Kevin Martin Gets a Cap


Kevin Martin lost his most recent jihad against cable, having tried to cook the books about how many households subscribed to its pay television services.

The Federal Communications Commission chairman needs to save some face somehow, after the recent debacle where his commissioners and would-be North Carolina constituents (if it’s true he longs to run for Senate next, in his home state) learned that this Emperor Has No Numbers.

To prove he still has power and can quantify something, he appears to have lined up the votes (but barely — and in conjunction with Democrats, not Republicans) to put a cap on how large a single cable-system operator can become.

The number in this case is 30%. As in, no cable operator shall be allowed to control more than 30% of all the subscribers to pay television services.

The curb, at this point, really applies only to Comcast, whose 26.1 million subscribers puts it at 27% of the total number of subscribers, by the FCC’s rules.

Remember, the FCC’s first attempt at installing a 30% cap was shot down by a federal court. That was six years ago, when satellite services were smaller and cable’s share of pay TV subscribership was bigger.

Now, DirecTV and EchoStar Communications’s Dish Network are the No. 2 and 3 operators of multichannel pay television services. Only Comcast is bigger.

But there is no cap being contemplated against satellite providers DirecTV or Dish, even though they operate nationally. Cable operators only operate in regional clusters.

Why cap cable?

The basic argument is that if a cable operator gets too big, programmers suffer. If you don’t get Comcast to pick you up, you can’t launch a national pay TV network, the argument goes.

But hold on a second or two. If you do get Comcast to pick you up, you still don’t get national distribution. You need your program to reach viewers in New York and Los Angeles, don’t you? You can’t do that if Time Warner Cable and Cablevision Systems don’t pick you up.

Jerry Jones and NFL Network are making it a political issue, trying to get state and national legislators to force carriage of its eight games on the “big cable companies.”

Legislators aren’t needed, though, for football fans to get the next big NFL Network game, in which the New England Patriots will presumably go for an undefeated season. They, as Mr. Jones points out, can go to DirecTV to get the game.

That’s the point. There is “no particular magic” about 30%, as one corporate antitrust lawyer put it this week.
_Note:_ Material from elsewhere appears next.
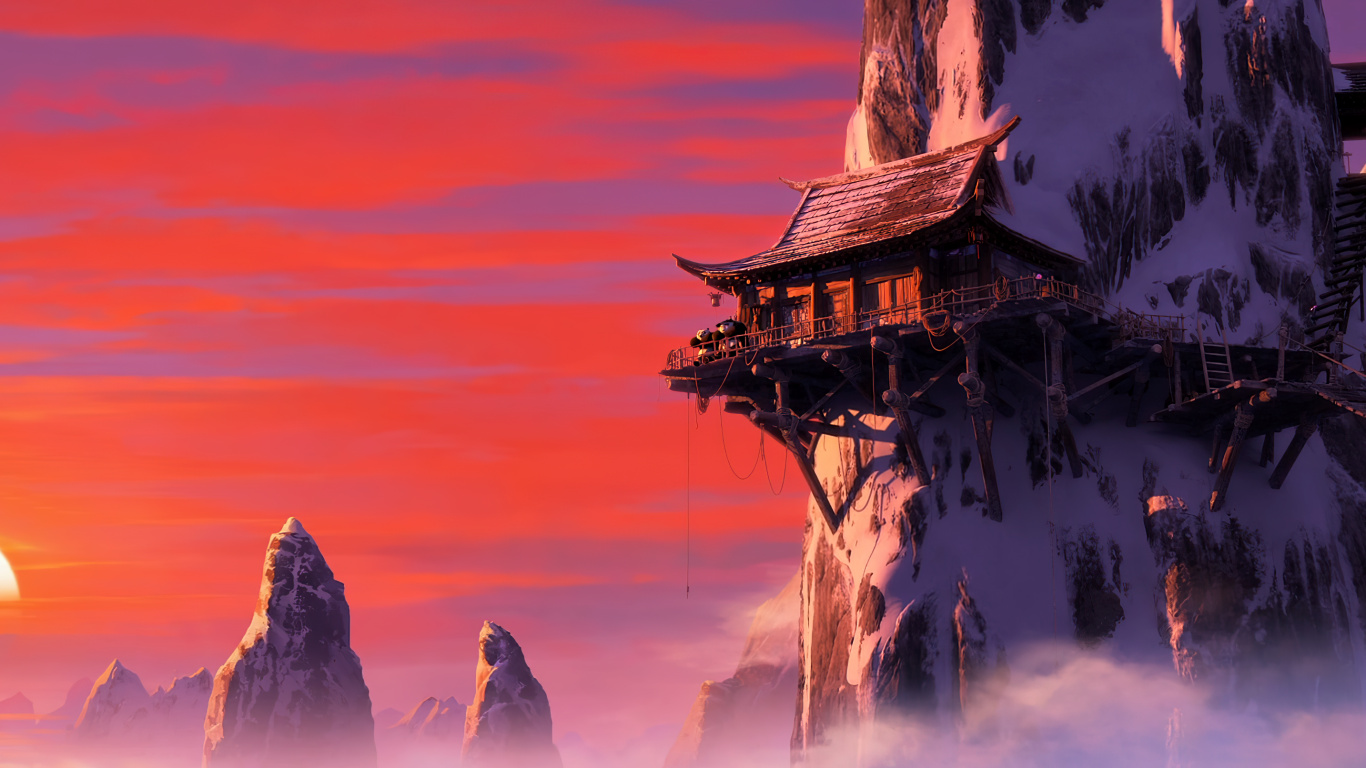 Обои студия DreamWorks Animation, облако, атмосфера, мир, здание в разрешении 1366x768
And in this case, there’s no particular meaning. No cable operator, not even Comcast, offers national coverage. If you want that, do what Major League Baseball did: Sign (or come close to signing) an exclusive deal with DirecTV and see if the cable companies come running for shelter.

With NFL Network, Comcast, Time Warner Cable and Cablevision aren’t seeking shelter from DirecTV (or Dish). They’ve been willing to let their competitors take this new national network on. They’ve taken their own approaches and have been willing to bear the brunt of the outcome.

If Kevin Martin doesn’t believe there’s adequate existing competition now, or adequate competition coming, he hasn’t been paying attention.

Just look at the stock market. Cable shares have taken a bath. In one day last week, Comcast shares dropped 12%, down to around $18. From $28, when the year started. This allegedly monopolistic company is finding itself repeatedly reducing its projections of how much cash it will generate from operations this year. Twice in the past six weeks, it has reduced its forecast, by 10% each time. And there are only four weeks left to go.

The culprit? Competition. As analyst Richard Greenfield of Pali Research put it, “The cable industry is no longer a group of regional monopolies. Cable is fighting an all-out war on multiple fronts” against satellite providers and telephone companies.

Programmers with a strong product will get national carriage, with cap or without. The NFL itself is proof of that, using DirecTV very successfully to extend audiences for virtually all local football telecasts. And that exclusive deal, “NFL Sunday Ticket,” is born from a clear competitive drive to differentiate its product, nationwide.

Kevin: Cable has its hands full. You’re just piling on.

But that is not surprising in the least.